Actually i have one, and a clutch is $5,000 with labor $2,800 for parts. If somebody is charging you $10,000 youre getting ripped off. Is the car e-gear or manual? I put a new clutch in at 4200 miles when I bought the car and now at 22,000 miles it is still fine. All depends on your driving style.


----------



## a4 (Oct 28, 2000)

Mr.Storm said:


> We had a clutch go with in 20K miles, idk how many exactly are on the car, im too lazy to go down and check. Anyways I know it was too soon regardless. We bought the car new.

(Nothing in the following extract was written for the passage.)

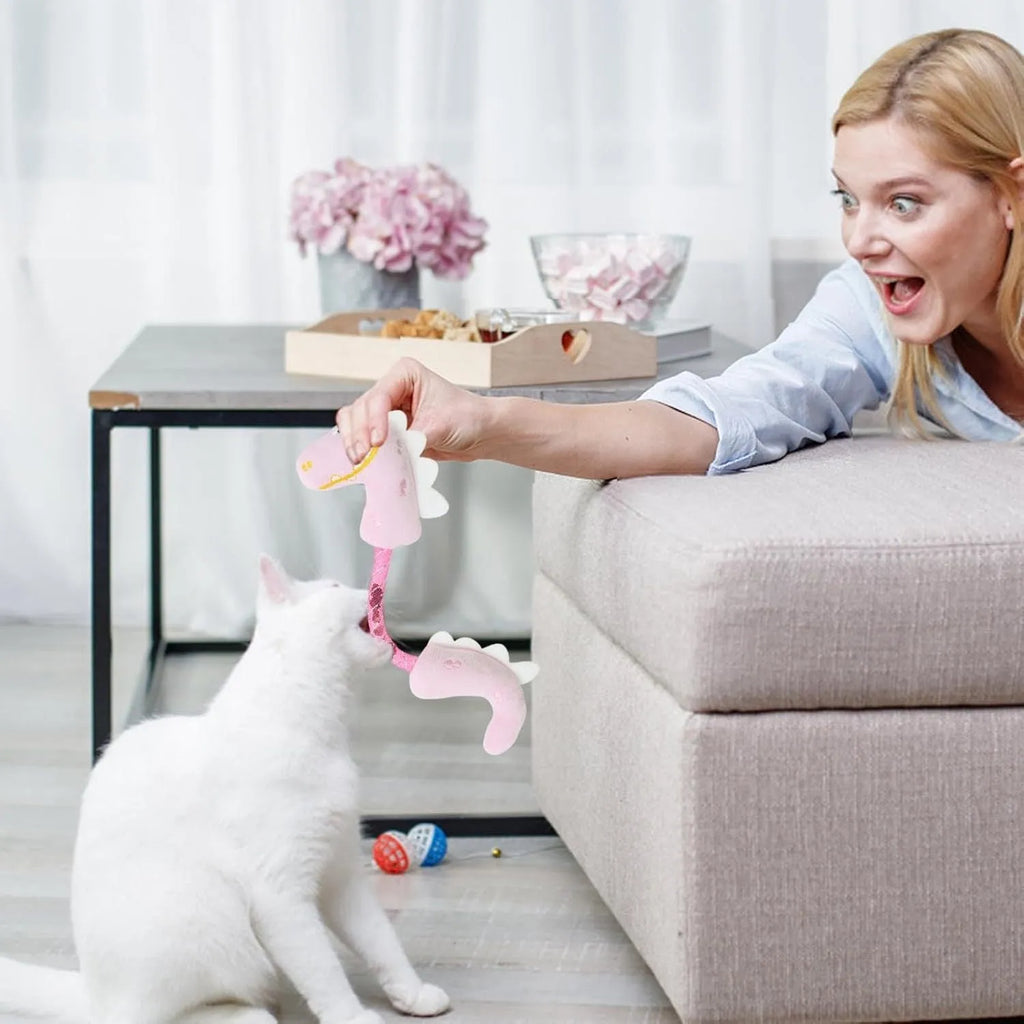 Four cat toys including rope, springs, and plush kicker toys in assorted colours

Is this a normal thing for Gallardos? Because thats not cheap to fix ($10K)  and on that note has anyone had their clutch replaced? what prices have you gotten/seen?
> 
> Thanks


That's not to out of the ordinary with only 20k on a G. Who quoted you $10k, Lambo of Washington? Your best bet is to do it your self if your able to. Here's a great write up on changing the clutch and general info.

http://www.lamborghini-talk.com/vbforum/f47/diy-clutch-change-transmission-removal-16409/

If your not able to DIY pm me for a list of shops in your area that are independant Lambo service.


----------